• **YOUR GOAL**
The listing below contains a span that opens with the line containing "HARIBO Tirlibibi Assortiment" and closes with the line containing "Silver Pendant AeraVida". Return that span exactly.

• **EXTRACTED MATERIAL**
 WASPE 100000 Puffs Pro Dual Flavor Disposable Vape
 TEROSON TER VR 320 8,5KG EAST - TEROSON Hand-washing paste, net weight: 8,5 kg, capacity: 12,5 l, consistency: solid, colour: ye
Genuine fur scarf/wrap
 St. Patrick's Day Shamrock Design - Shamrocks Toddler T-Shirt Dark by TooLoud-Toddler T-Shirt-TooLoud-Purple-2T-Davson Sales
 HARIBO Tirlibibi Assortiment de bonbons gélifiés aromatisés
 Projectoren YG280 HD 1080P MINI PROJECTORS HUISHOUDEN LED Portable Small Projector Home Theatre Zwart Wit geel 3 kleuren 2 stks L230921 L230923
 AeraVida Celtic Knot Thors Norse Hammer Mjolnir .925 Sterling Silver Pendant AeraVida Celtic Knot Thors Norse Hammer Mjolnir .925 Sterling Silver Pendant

==

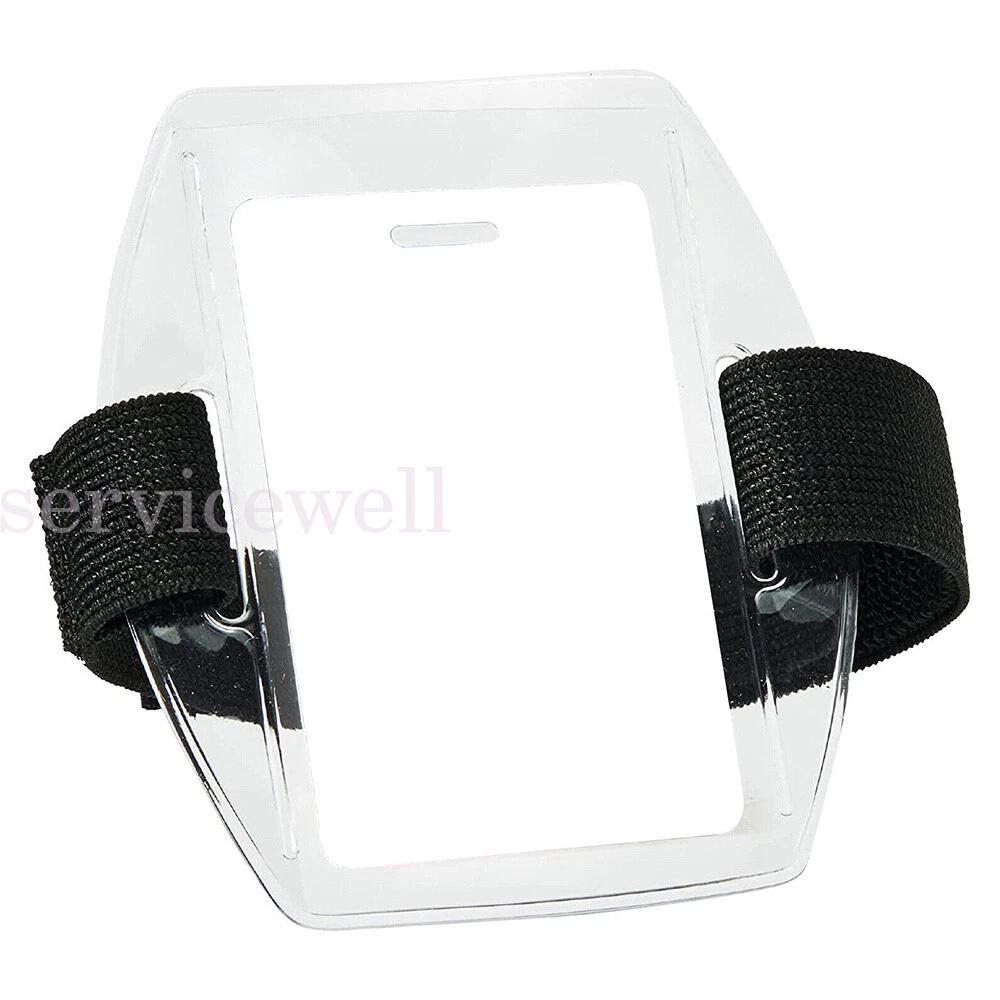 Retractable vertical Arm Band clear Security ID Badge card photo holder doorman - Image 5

• **COMPLETED TASK**
 HARIBO Tirlibibi Assortiment de bonbons gélifiés aromatisés
 Projectoren YG280 HD 1080P MINI PROJECTORS HUISHOUDEN LED Portable Small Projector Home Theatre Zwart Wit geel 3 kleuren 2 stks L230921 L230923
 AeraVida Celtic Knot Thors Norse Hammer Mjolnir .925 Sterling Silver Pendant AeraVida Celtic Knot Thors Norse Hammer Mjolnir .925 Sterling Silver Pendant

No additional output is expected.